Please copy the data below exactly, from its first line through the line holding "Winifred Red Silver Ankle Boots", and skip the pictures.

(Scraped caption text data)
* * * * *

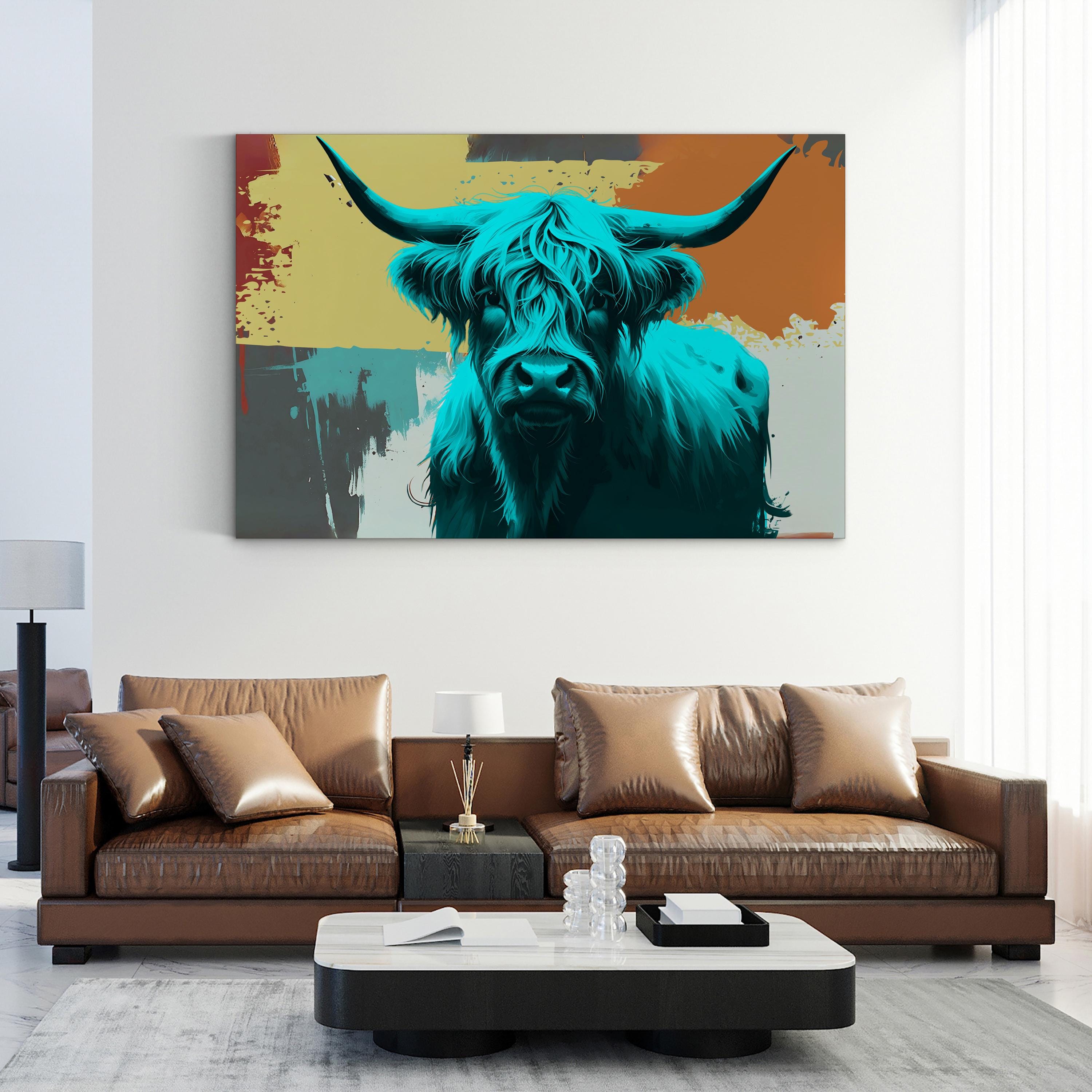 Highland Cow Canvas – Framed Nature Photography Wall Art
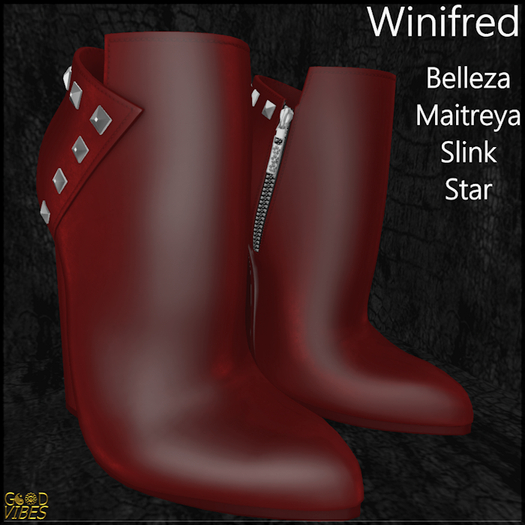 Winifred Red Silver Ankle Boots 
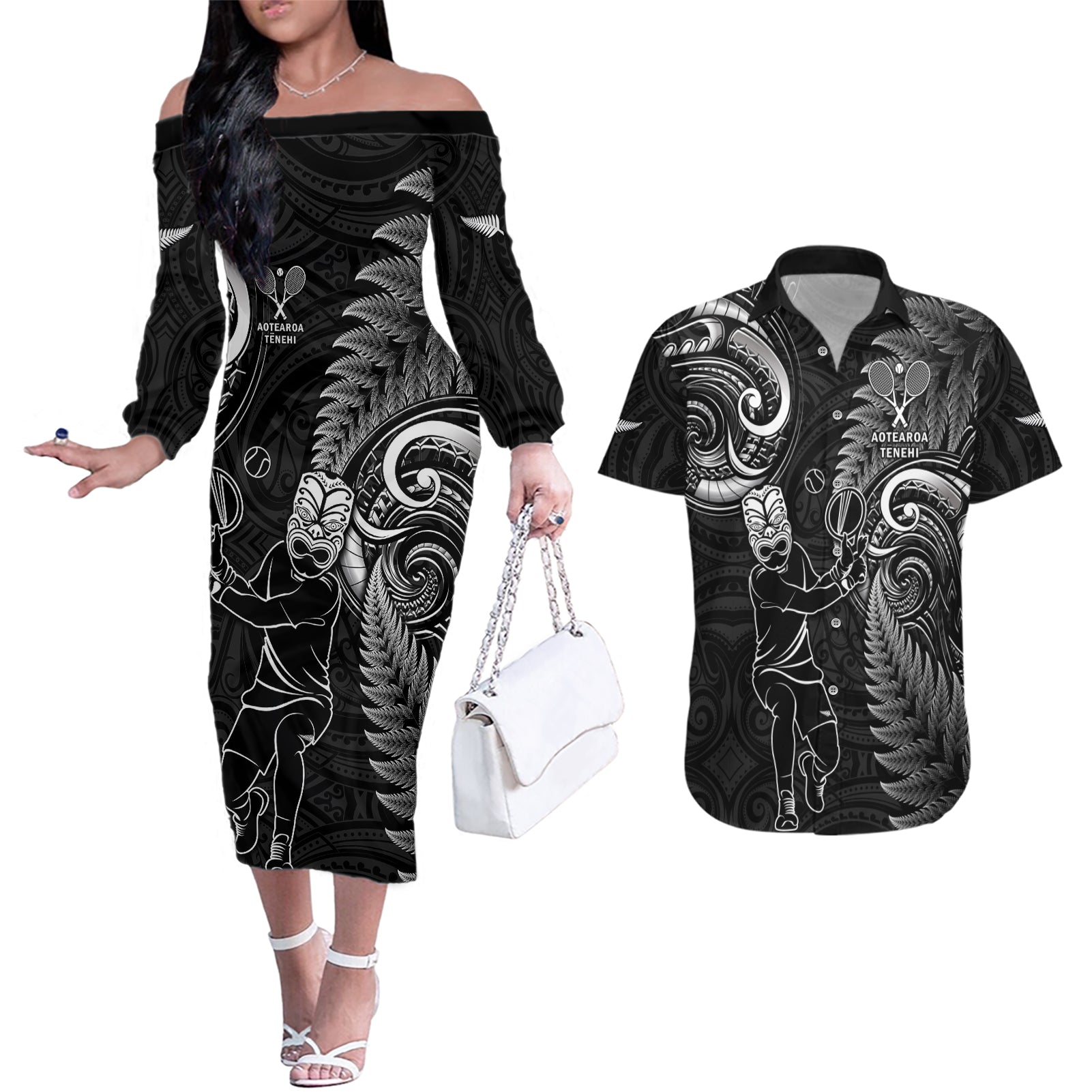 New Zealand Tiki Tennis Couples Matching Off The Shoulder Long Sleeve Dress and Hawaiian Shirt 2024 Aotearoa Tenehi Maori Silver Fern - Black LT14 Black - Polynesian Pride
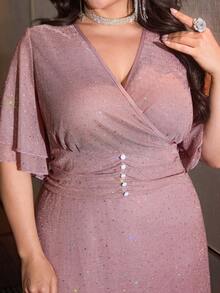 Modelyn Elegant Metallic Thread & Sequin Embellished Plus Size Dress For Women, Spring - Dusty Pink - View 8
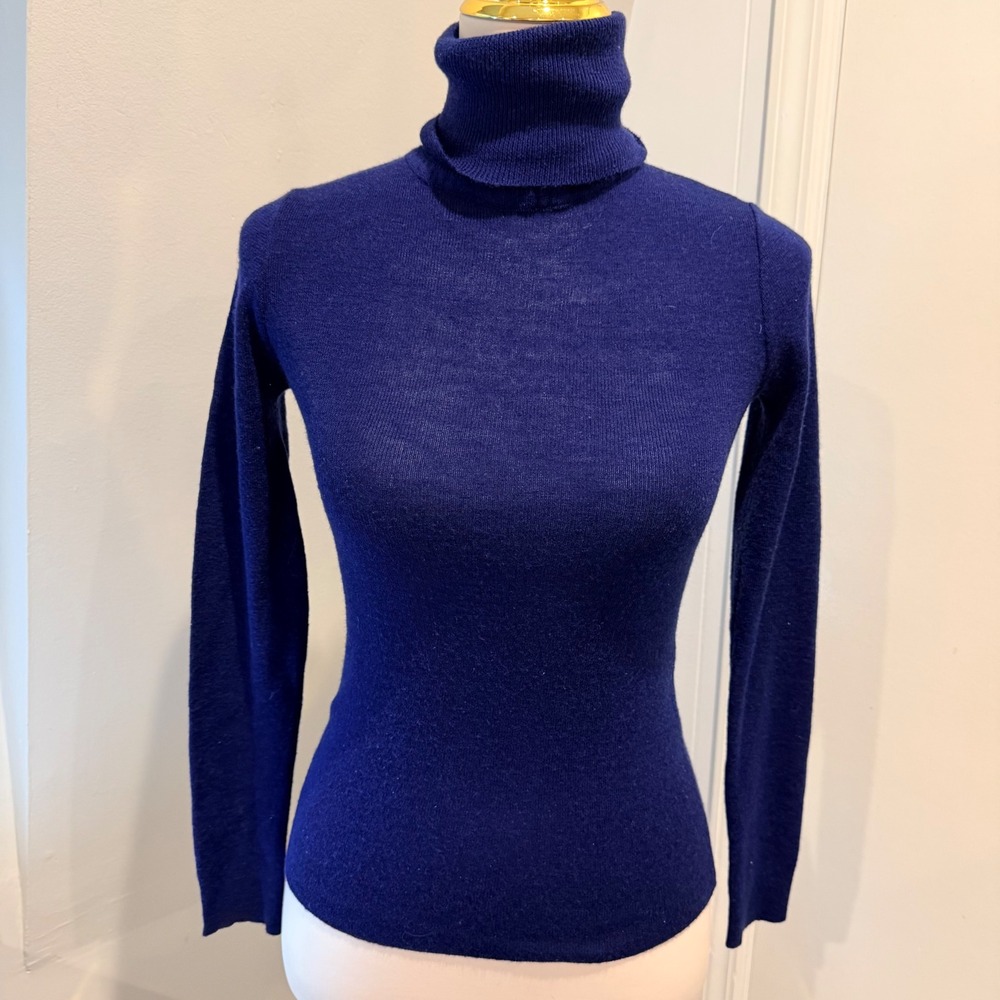 Vintage Bloomingdale's Royal Blue Turtleneck Sweater Slim Fit | Size S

* * * * *

* Output below
 Highland Cow Canvas – Framed Nature Photography Wall Art
 Winifred Red Silver Ankle Boots 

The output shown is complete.